Otherwise, there is broad speculation as to how the disease found its way into the country. Cattle movements, vaccines, and frozen semen and embryos have all been implicated but with no clear conclusion to date. There is some speculation there could be calls for increased testing for mycoplasma for imported semen. There is no question this would be easy enough to do, however the science simply does not support that this is necessary or offers any return on investment for our customers. Yielding for mycoplasma places the industry on the slippery slope to test for the next and the next and the next disease of perceived concern until the cost of testing becomes burdensome to the end user who ultimately has to pay the real cost.
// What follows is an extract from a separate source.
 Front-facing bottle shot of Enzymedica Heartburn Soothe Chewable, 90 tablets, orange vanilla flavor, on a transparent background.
While the rest of the world has learned to manage and deal with Mycoplasma bovis, this is new for New Zealand. The Ministry of Primary Industries (MPI, equivalent to our USDA) is operating based on confidence in the prior decree of a Mycoplasma bovis-free island and wants to return to that status via depopulation of herds and eradication of the disease. Producers are rightly concerned and confused about their industry and their future. It is easy to second guess these situations but that generally only creates more frustrations and confusion while solving no one’s real issues.

The Finnish publication

A recent publication out of Finland is casting even greater confusion and consternation on this subject. It is very important to distinguish that the Finnish publication was NOT a controlled research trial but rather a summary of the efforts and conclusions from an anecdotal, after the fact search for the source for a known Mycoplasma bovis infection in a herd in Finland (Haapala et al., 2018). Their observation that antibiotics are bacteriostatic and not bactericidal was not novel and it is well-documented that one can occasionally culture microbes once removed from the antibiotics. However, there was no direct evidence in a control situation that the semen in question could be used to infect females with Mycoplasma bovis. The observations and conclusions were based totally on circumstantial evidence and are not irrefutable.
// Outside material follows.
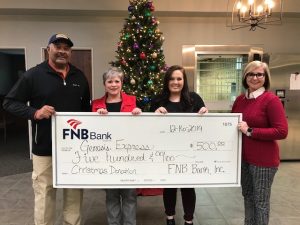 FNB makes $500 christmas donation to genesis express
An important take home message for Select Sires’ customers is that the clear majority of published research and Select Sires’ on-going research efforts reconfirm that semen processed according to CSS protocol presents negligible risk for transmission of any disease including Mycoplasma bovis. Select Sires and our customer-owners empathize with our New Zealand counterparts and wish them wisdom, patience, and good fortune in their endeavors for a speedy resolution to this troubling industry issue.

Who is Select Sires?

Select Sires is one of the largest dairy farmer owned cooperatives in the world. In effect it is a federation of nine farmer owned and controlled cooperatives. The cooperative sells more than 19m straws of semen annually to 90 countries around the world and, over several decades, has developed semen production and processing procedures which are amongst the most rigorous in the world; procedures verified and endorsed by the US AI industry standards organization NAAB (National Association of Animal Breeders). Select Sires is represented in New Zealand by World Wide Sires NZ.


Haapala, V., T. Pohjanvirta, N Vähänikkilä, J. Halkilahti, H. Simonen, S. Pelkonen, T. Soveri, H. Simojoki and T. Autio. 2018. Semen as a source of Mycoplasma bovis mastitis in dairy herds. Veterinary Microbiology 216:60-66.

Hirth, R. S., W. N. Plastridge, & M. E. Tourtellotte. 1967. Survival of mycoplasma in frozen bovine

semen. American Journal of Veterinary Research, 28:97-99.

Shin, S. J., D. H. Lein, V. H. Patten, and H. L. Ruhnke. 1988. A new antibiotic combination for frozen bovine semen: 1. Control of mycoplasmas, ureaplasmas, Campylobacter fetus subsp. Venerealis and Haemophilius somnus. Theriogenology 29:577-591.